For that reason, your resume should be constructed in a way that eliminates mention (if possible), camouflages, or mitigates the impact of such liabilities.  Let us consider some of the major liabilities of prospective job candidates and what might be done to minimize their effects.




If you are a seasoned employee, references to your age, including graduation dates and an employment history that extends beyond fifteen to twenty years, allow the individual reviewing your resume to establish a clear sense of your age (at least to the extent of calculating a minimum age).  While age discrimination is illegal, most employers view more youthful applicants as being more desirable for a variety of reasons.  Don’t give the prospective employer the opportunity to use your age against you.   Provide only enough information about yourself in your resume to interest the prospective employer in you and your qualifications.  Leave the remainder for discussion at the interview.


Current Unemployment


Current unemployment, no matter what the duration, is almost always viewed negatively by a prospective employer – the longer the period of unemployment, the greater the liability to the job candidate.  If you have been unemployed for more than a brief period of time, the potential employer can view your marketability as suspect, making the assumption that companies are unwilling to hire you for whatever reason.  Since most people (employers included) are influenced by the thinking of others, a job candidate unemployed for a prolonged period of time is viewed the same way as a house that has been on the market for an extended period – “there must be a problem.”  Avoid, if possible, putting a terminal date on your most recent employment, or prepare an alternative style resume that does not display so prominently your dates of employment.


Gaps in Employment


If your resume displays significant gaps between previous jobs, then your marketability and potential value come into question.  Either you are taking extended vacations between jobs or are having difficulties in finding new opportunities.  Neither of these scenarios enhances your image as a job candidate.  If you are displaying month and year dates on your resume, you may want to consider eliminating the months and using only the year dates.


Lack of Educational Credentials, Certifications, or Licenses


Depending upon the field you are targeting, you may be required to hold certain credentials.   If you do not possess these qualifications, you prospects for securing an interview for an available opening will be severely hampered.  If, nonetheless, you have done the job before or believe that you are in some other way qualified for the position, prepare a resume in a style that accentuates your experiences and qualifications.  If the issue is lack of a degree, a listing of professional development courses, seminars, and programs that you have completed may bolster your educational credentials.


Lack of Career Progression


Longevity within a company, highlighted by attainment of positions of increasing responsibility, is indicative of focus and drive on the part of the job candidate. Conversely, prolonged existence in a particular position depicts you as non-ambitious and/or ill qualified for promotion.  Often, candidates who have been with an organization for an extended period have, indeed, taken on more responsibility with no corresponding change in job title.  If that is the case, the increases in responsibility need to be incorporated into the resume to provide the prospective employer a more accurate picture of the candidate.


Too Many Employers


Although it is certainly possible that one might have valid reasons for changing jobs rapidly (employers going out of business, etc.), listing a number of employers within a short span of time on your resume is another reason why someone reviewing your resume might discard it, rather than contacting you to setup an interview.  Many employers perceive job-hoppers as individuals lacking the skills or emotional and psychological stability necessary to maintain employment.  If your resume lists a number of short-term employments, consider eliminating some of them.  Even if some gaps remain, the overall impression created by your resume will be more positive.

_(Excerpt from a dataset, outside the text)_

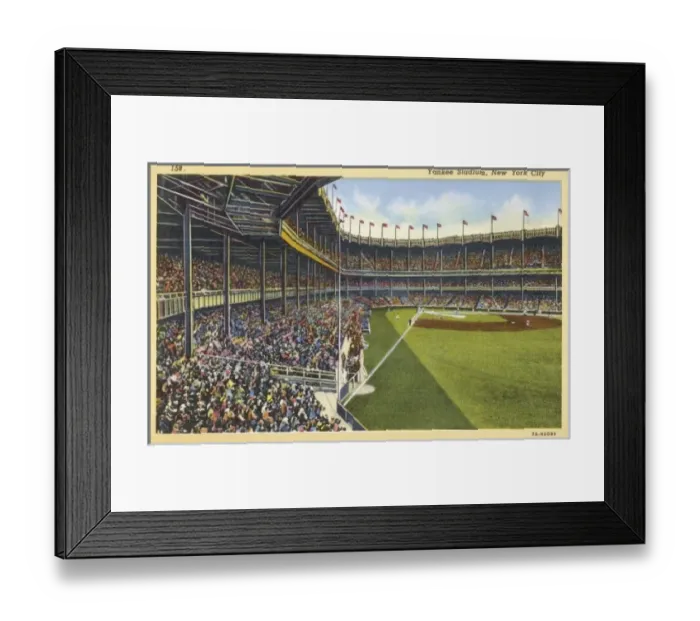 Framed Print : Yankee Stadium - New York Framed Print : Yankee Stadium - New York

Incorrect Spelling, Grammar, and/or Punctuation


A single word misspelled on your resume can signify disaster for you.  We once had a client who, in rushing to prepare his own resume, intended to type the word “warehouse.”  The copy he handed to the potential employer actually read “whorehouse!”     Similarly, infractions of grammatical rules and improper punctuation, including capitalization and run-on sentences, can mean the difference between job interviews and a phone that does not ring.  Of all the potential liabilities, this is the easiest to correct.  Make sure you carefully review your resume and any other documents you send to employers.  A perfect resume dramatically enhances your potential for job-hunting success.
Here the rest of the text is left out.